The artist also experimented with different qualities of ink and paper. For example, until the start of the 1640s, in keeping with the usual procedure, Rembrandt removed all the excess ink from the plate to obtain uniform and well-defined images. Later, he changed strategies, leaving a thin film of ink in such a way as to obtain, in addition to the lines, tonal-like effects in the work, or in part of it. These devices allowed Rembrandt to achieve an exceptional variety of pictorial effects.

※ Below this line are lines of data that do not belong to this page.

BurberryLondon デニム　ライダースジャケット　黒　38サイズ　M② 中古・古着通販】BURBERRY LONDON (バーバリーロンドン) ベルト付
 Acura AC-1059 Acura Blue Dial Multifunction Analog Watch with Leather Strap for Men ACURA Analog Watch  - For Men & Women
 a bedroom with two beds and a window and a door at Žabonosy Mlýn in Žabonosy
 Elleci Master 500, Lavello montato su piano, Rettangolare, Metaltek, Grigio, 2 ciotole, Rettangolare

The artist intentionally alternated “finished” incisions with “half-finished” ones and “barely sketched” others. This variety demonstrates Rembrandt’s skill at using a vast repertoire of technical and stylistic devices to generate a surprisingly diverse corpus of works. In some cases, the artist intervened, often using drypoint, to increase the intensity of the shadows. In other cases, he actually replaced entire figures. In the 1640s, Rembrandt’s prints seem to reflect two contrasting approaches to etching. On the one hand, we find a linear style similar to drawing, as in the work shown in this exhibition “Abraham and Isaac (1645);” on the other hand, he pursues markedly more pictorial atmospheres, as in the work, also present in this show, “The Rest on the Flight: A Night Piece (1644).” In the 1650s, his style changes noticeably, with more compact compositions, figures distributed in planes parallel to the surface, and a hatching that no longer shapes the figures, but runs across forms and objects.
Exhibition visitors will notice how Rembrandt was able to exploit the quasi-mystic power of black ink on paper. The paper is the source of the light, whether in the more worked-on areas or in the sketchier or even arid ones. The effect is like suddenly being torn from the ordinary conditions of sensory life, which in painting, instead, find room, at least somewhat, through the colors. Light and shade seem to beckon to one another in a two-way conversation, an ambiguous mingling, without forgetting that everything seems to be dictated by the light, natural in defining objects according to the “laws” of perspective and “shading,” and supernatural for its strange intensity, which seems to conjure up confused images in the observer.